## Data shown:
# # # # #
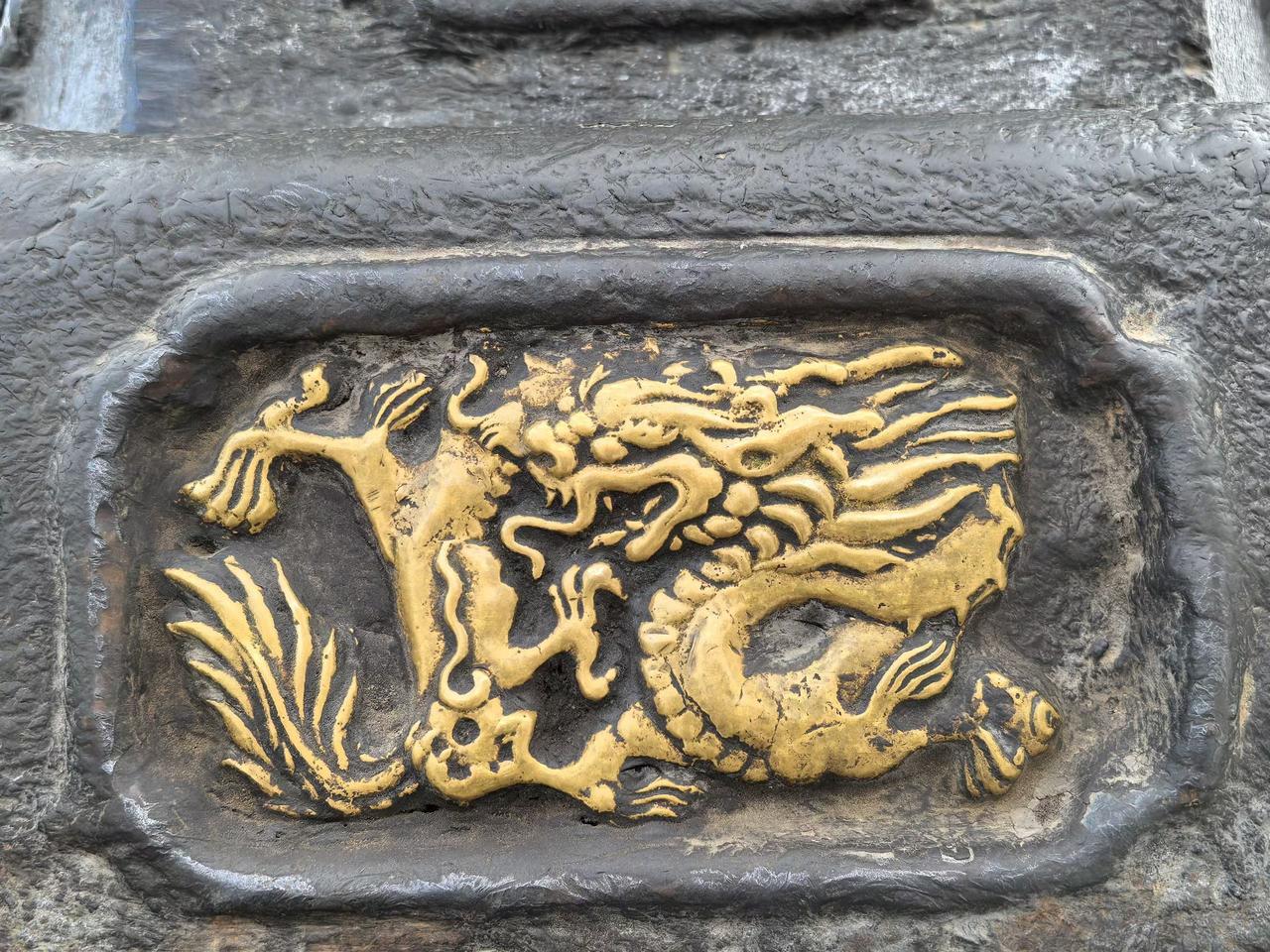 位卑未敢忘忧国。本着对历史对人民高度负责的态度，奋笔疾书几个小时到深夜。我坚信我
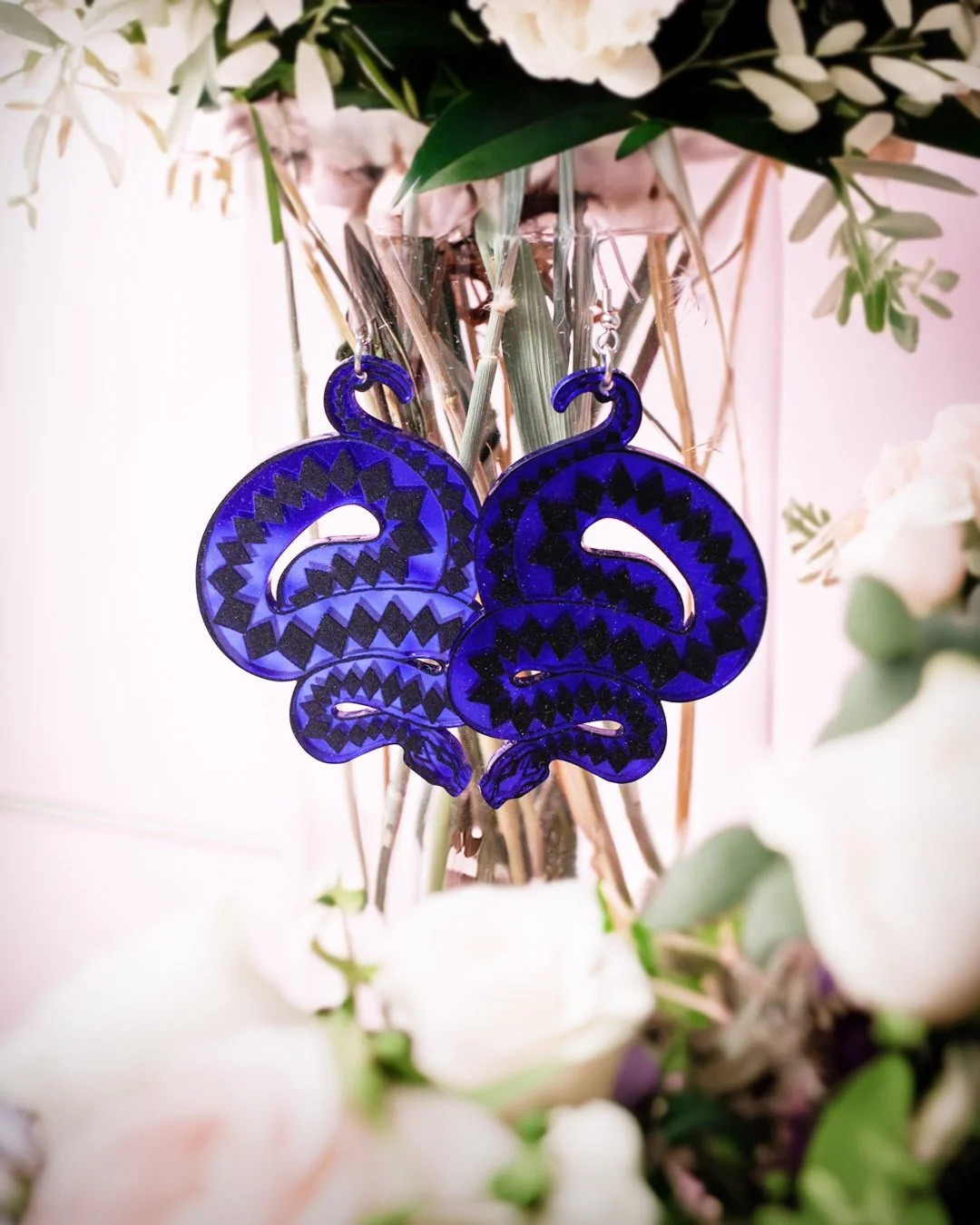 T&auml;n&auml;&auml;n juhlitaan Suomea, mahtavaa itsen&auml;isyysp&auml;iv&auml;&auml; kaikille! T&auml;n&auml;&auml;n allekirjoittanut aikoo ainakin taas viritell&auml; k&auml;ttelyiden kisaksatsomon, oletkos itse team tottakai katsotaan k&auml;ttel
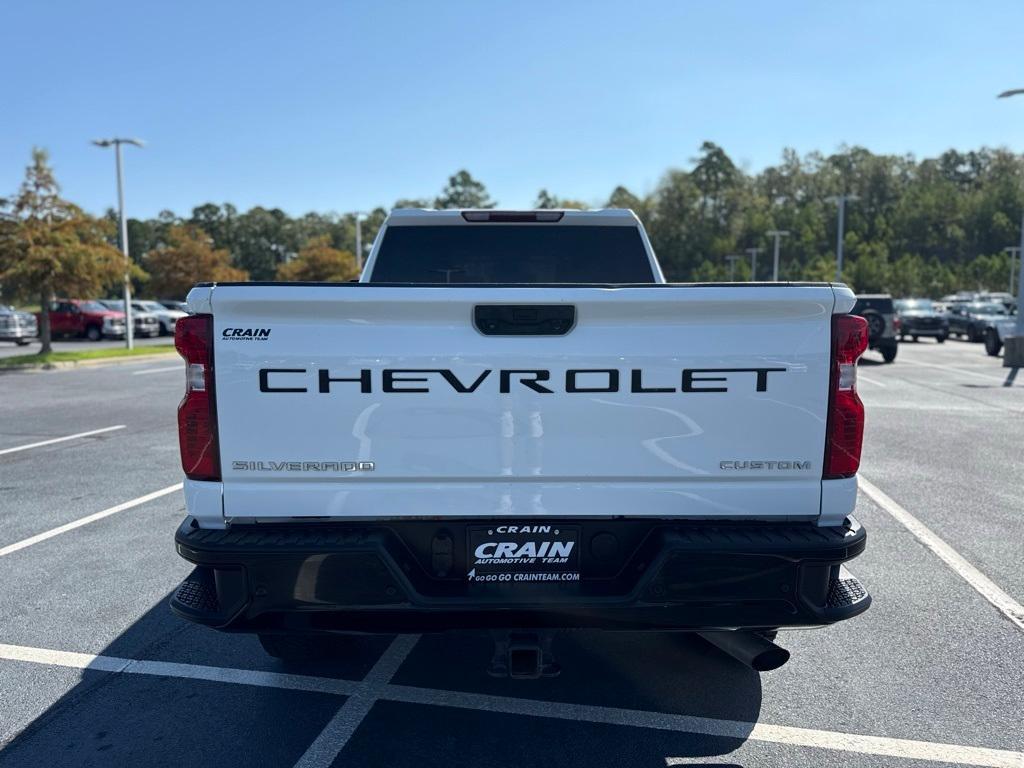 used 2024 Chevrolet Silverado 2500 car, priced at $46,995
# # # # #
## Exercise instructions:
From the line containing "T&auml;n&auml;&auml;n juhlitaan Suomea, mahtavaa" through the last line of the data above, write out every line word for word, and nothing else. Do not include the pictures.

## Output for this exercise:
 T&auml;n&auml;&auml;n juhlitaan Suomea, mahtavaa itsen&auml;isyysp&auml;iv&auml;&auml; kaikille! T&auml;n&auml;&auml;n allekirjoittanut aikoo ainakin taas viritell&auml; k&auml;ttelyiden kisaksatsomon, oletkos itse team tottakai katsotaan k&auml;ttel
 used 2024 Chevrolet Silverado 2500 car, priced at $46,995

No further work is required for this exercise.